Three decades on we see enormous improvements indeed -- high-tech buses, brand new motorways, state-of-the-art refreshment stops. Actually, I often refer to Turkey’s overland coach network as the most extensive (and up to a certain extent most comfortable, too) in all of Europe! So why are there still so many incidents, including last week’s fatal crash a few hours away from the Turkish capital Ankara?
Writing about accidents leading to the loss of life carries the risk of entering terrain often bordering on journalistic sensationalism as, after all, the sad news to be reported includes how the accident happened, witness accounts of the horrors they have lived through and news of how many innocent people sustained injuries! What’s more, in our age of 24/7 breaking news and Internet-enabled smart-phone cameras chances are a photo of the crash site, including victims, will be online moments after the incident. So let us try to stick with the facts only.

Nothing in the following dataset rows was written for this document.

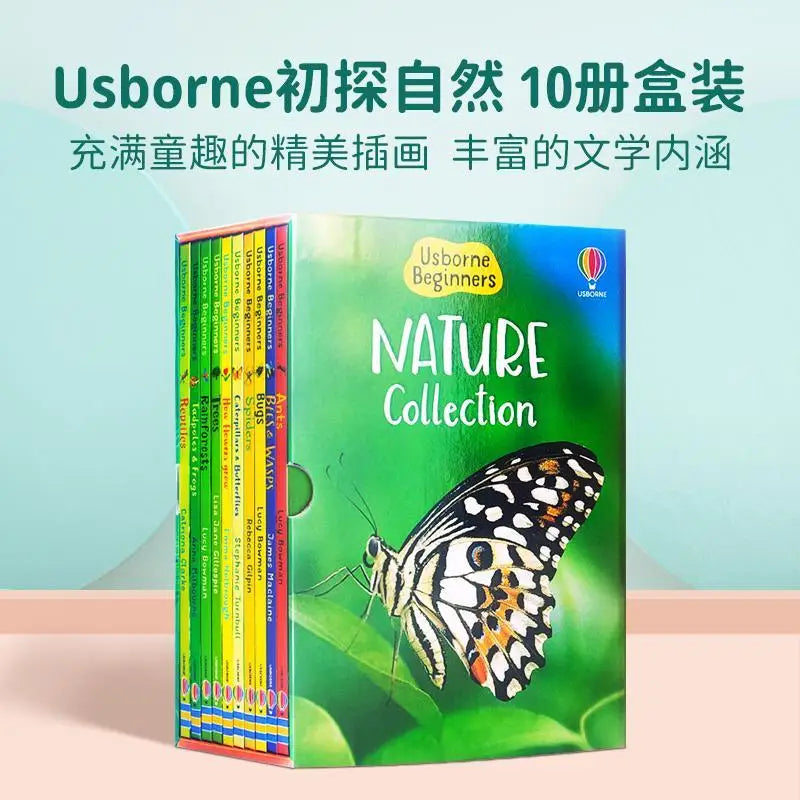 30 Volumes of Usborne Beginners Science Preliminary Exploration of Science/Natural/History English Original Bedtime Reading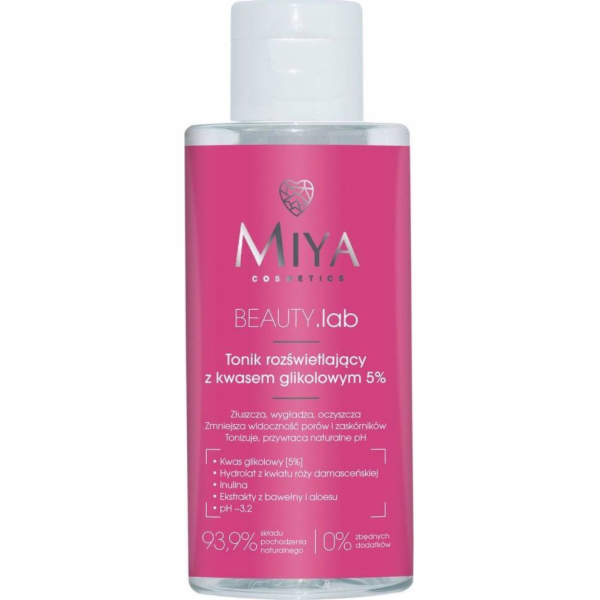 Miya Beauty Lab rozjasňující tonikum s kyselinou glykolov...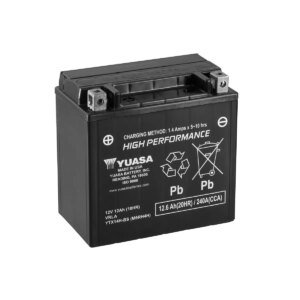 BATTERIE MOTO YUASA AGM YTX14H-BS 12V 12AH 240A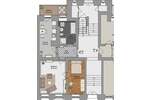 Qualitative Erdgeschoss- WE mit Balkon, FB-Heizung, Bad mit Dusche, Wanne, Fenster 2 zimmer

Over the years I have traveled frequently on Turkish roads. Initially I was an advocate for the country’s overland coach company network, as in particular along the Ankara-İstanbul trunk route motorway conditions and journey times compared favorably with airlines. More affordable fare structures were an asset, too. The more you travel, however, the more you see. Let me run you through a number of less positive things I eventually had to cope with.
Drivers chatting on their mobile phones whilst on the road. Drivers constantly talking with the male assistant until he would do one of his tea and coffee service rounds! Overhead lockers not normally of the variety that can be closed, hence items including laptops could fall on passengers’ heads. With some companies, old and apparently less frequently serviced buses. Over national holidays non-liveried replacement buses with less comfort, and perhaps fewer safety features, too. Overtaking at all costs, and buses that would break down in the middle of nowhere! Perhaps the most shocking incident of all was what occurred on supposedly one of Turkey’s leading operators when the driver -- judging by his abrupt reactions and changing of lanes and just about stopping before hitting the car in front of us -- apparently almost fell asleep.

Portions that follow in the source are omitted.